Federer has not missed a trip to Melbourne Park since a loss in qualifying in 1999.
Yves Allegero, Federer’s fellow Swiss and former doubles partner, feels skipping the Australian Open was a logical decision.
“All his career, Roger Federer only lined up if he was 100% physically,” Allegro told the 20min website www.20min.ch. “So he made the right decision, especially since he has plenty of time left to prepare for his main goals of Wimbledon and the Olympics.”
Participating at a fifth Olympics featured prominently in Federer’s agenda, and the postponement of the Tokyo Games by a year due to the COVID-19 pandemic worked perfectly for the Swiss, who would otherwise have missed it due to injury.

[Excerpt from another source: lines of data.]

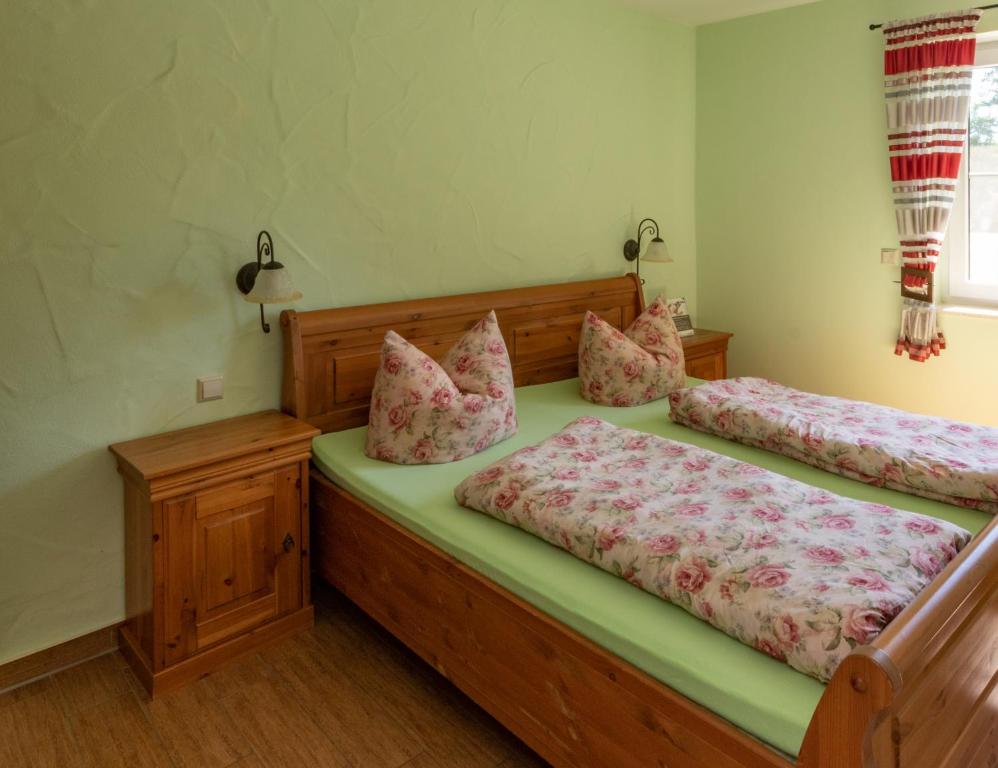 Postel nebo postele na pokoji v ubytování Steffi´s Spreewald Träume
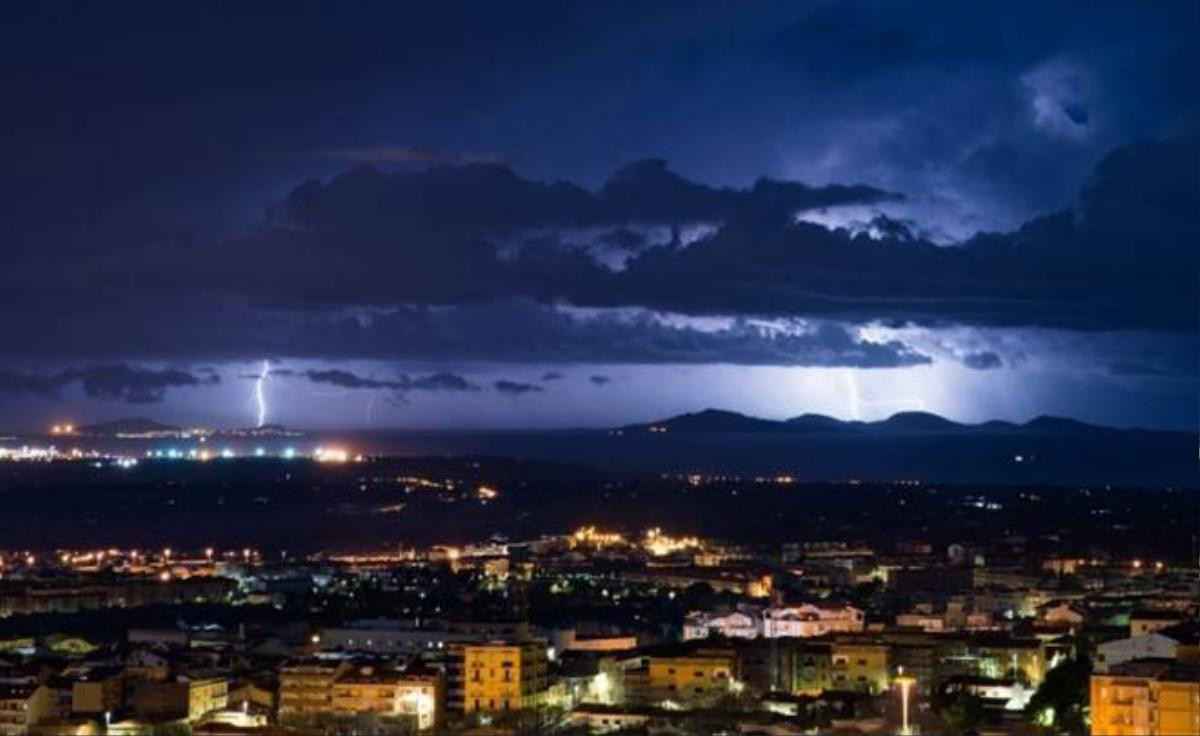 Cảnh sét xé toạc bầu trời đêm ở Italy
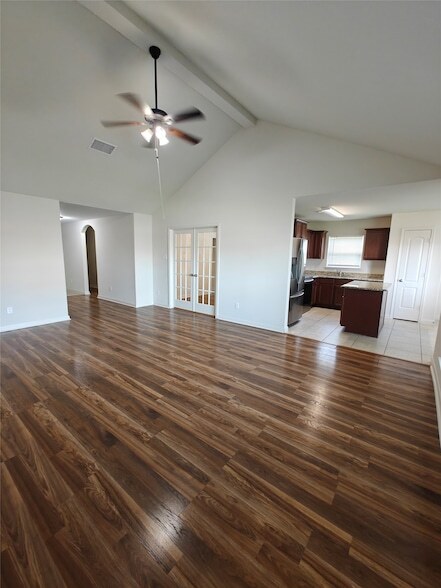 Foto del edificio - 2105 Old Harbor Way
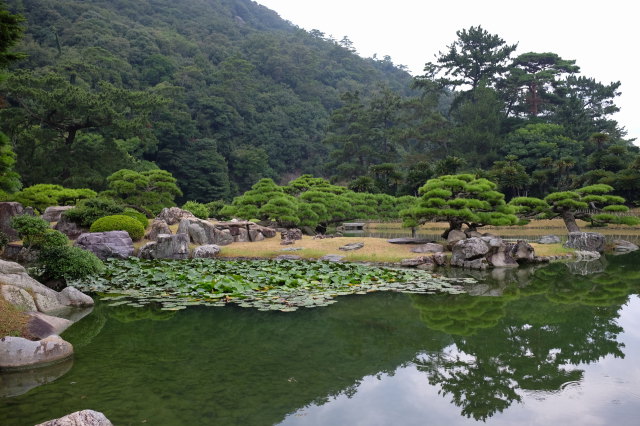 緑あふれる栗林公園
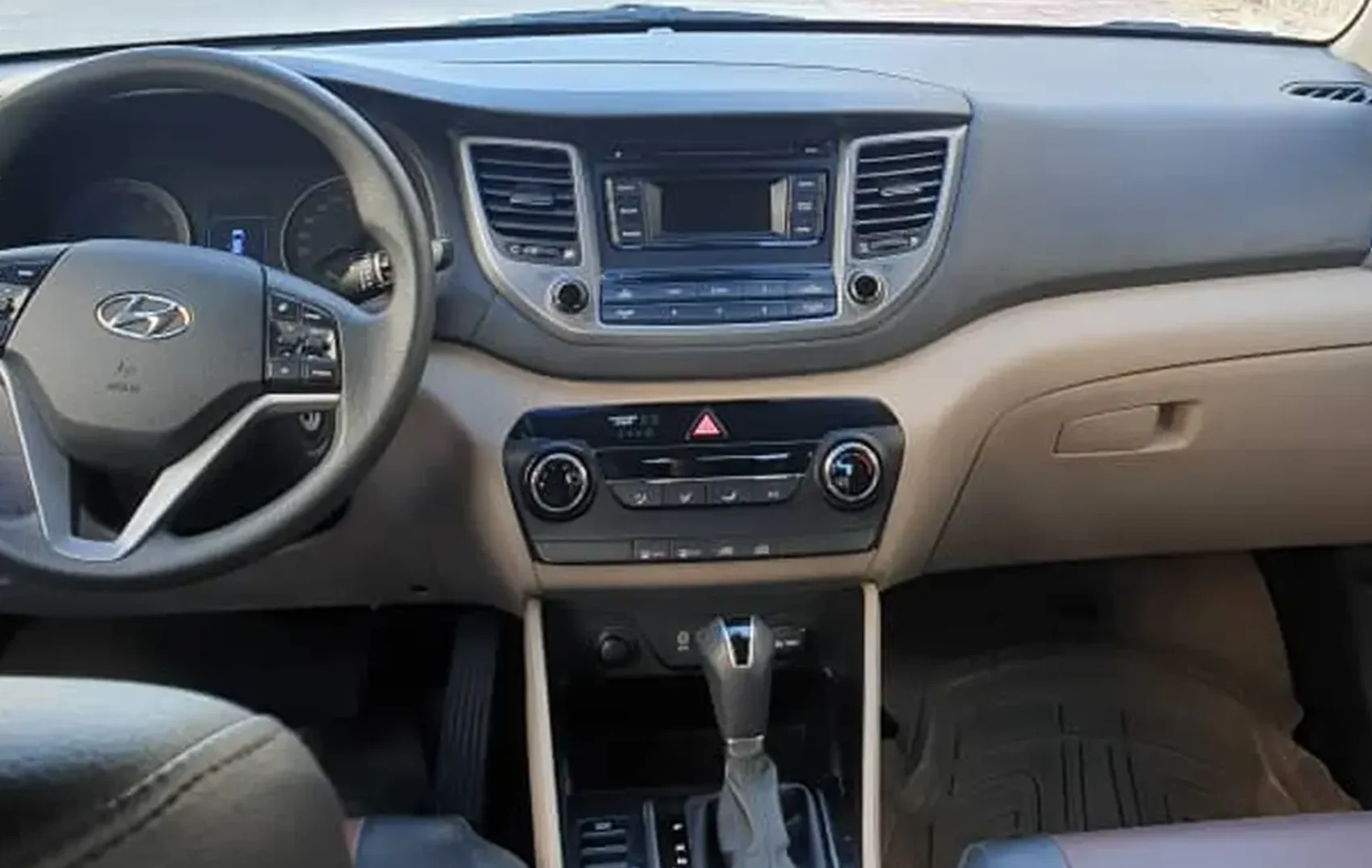 Location de Hyundai Tucson à Kish | Prix de location de Tucson à Kish ...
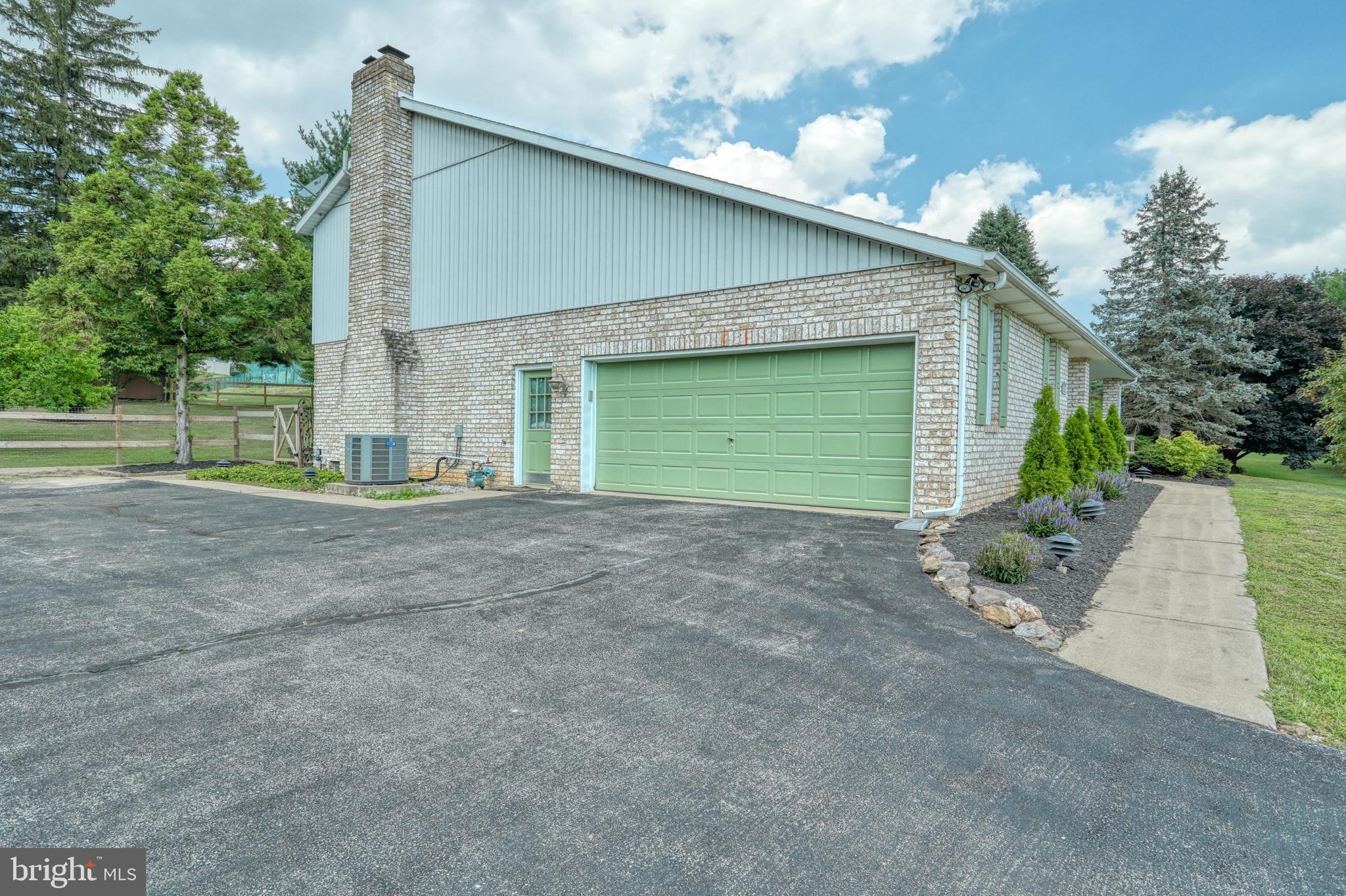 2281 Jonquil Road York, PA 17403 - Photo 5 of 48 Gallery Image 5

The last of his major titles might have come on the Melbourne hardcourts in 2018, but Federer may see Wimbledon’s grasscourts, where he has won eight titles and made the final in 2019, as the most realistic surface to add to his tally.
“For Roger to continue on, he’ll have to be able to manage his body when he does come back,” said Woodbridge, who won 22 Grand Slam doubles titles.
“His goals, I assume, would be to play at the Olympics and at Wimbledon. Wimbledon is the major that I see him being able to win at this stage of his career.”
Federer is plotting a return in late February and the current men’s calendar would suggest that the ATP 500 event in Rotterdam from March 1 could be the first stop in 2021 for the world number five.
The Swiss proved that he can quickly get back into his groove when he won the 2017 Australian Open despite missing the second half of 2016 season because of knee surgery.